Your instructions: Return the data word for word. Pictures are to be omitted.

Dataset extract:
__________________________________________________

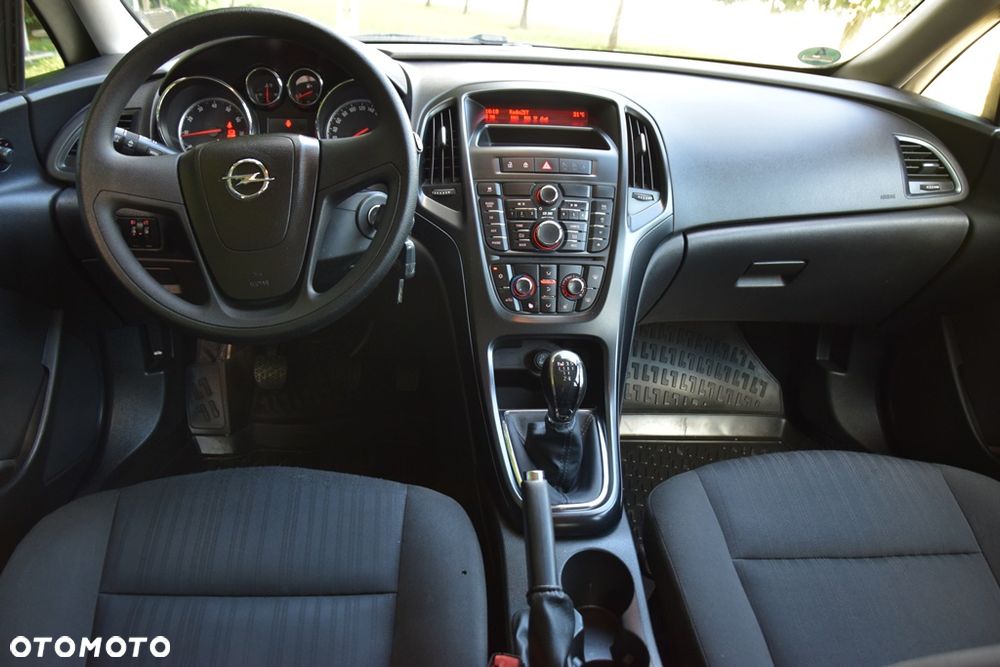 Opel Astra 1.4 ecoFLEX - 13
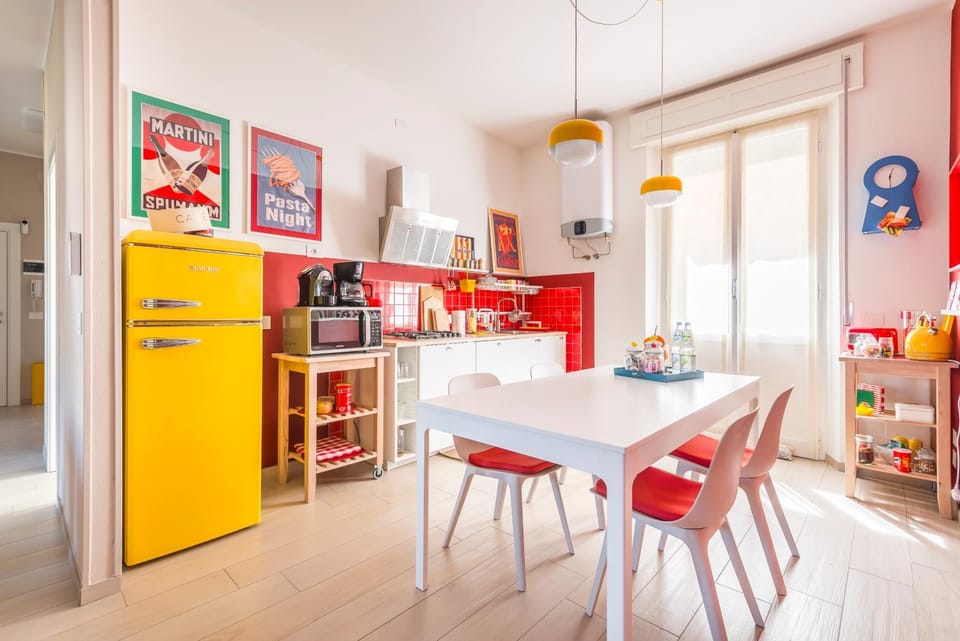 Kitchen or kitchenette, microwave, kitchen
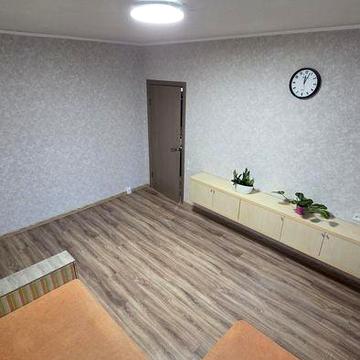 3-кімнатна Радунська 5б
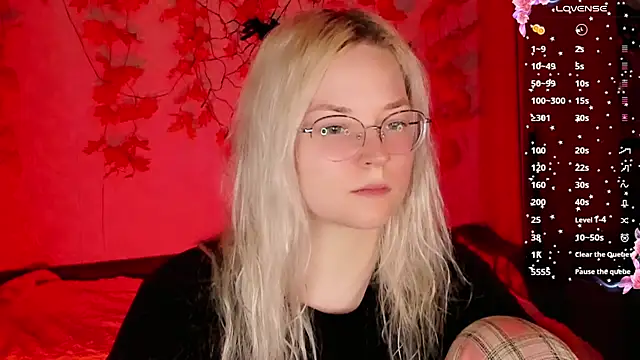 Snapshot of HoneyDazzle chatting on 11-12-25, 10:30 HoneyDazzle online show from 11-12-25, 10:30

__________________________________________________

Expected answer:
 Opel Astra 1.4 ecoFLEX - 13
 Kitchen or kitchenette, microwave, kitchen
 3-кімнатна Радунська 5б
 Snapshot of HoneyDazzle chatting on 11-12-25, 10:30 HoneyDazzle online show from 11-12-25, 10:30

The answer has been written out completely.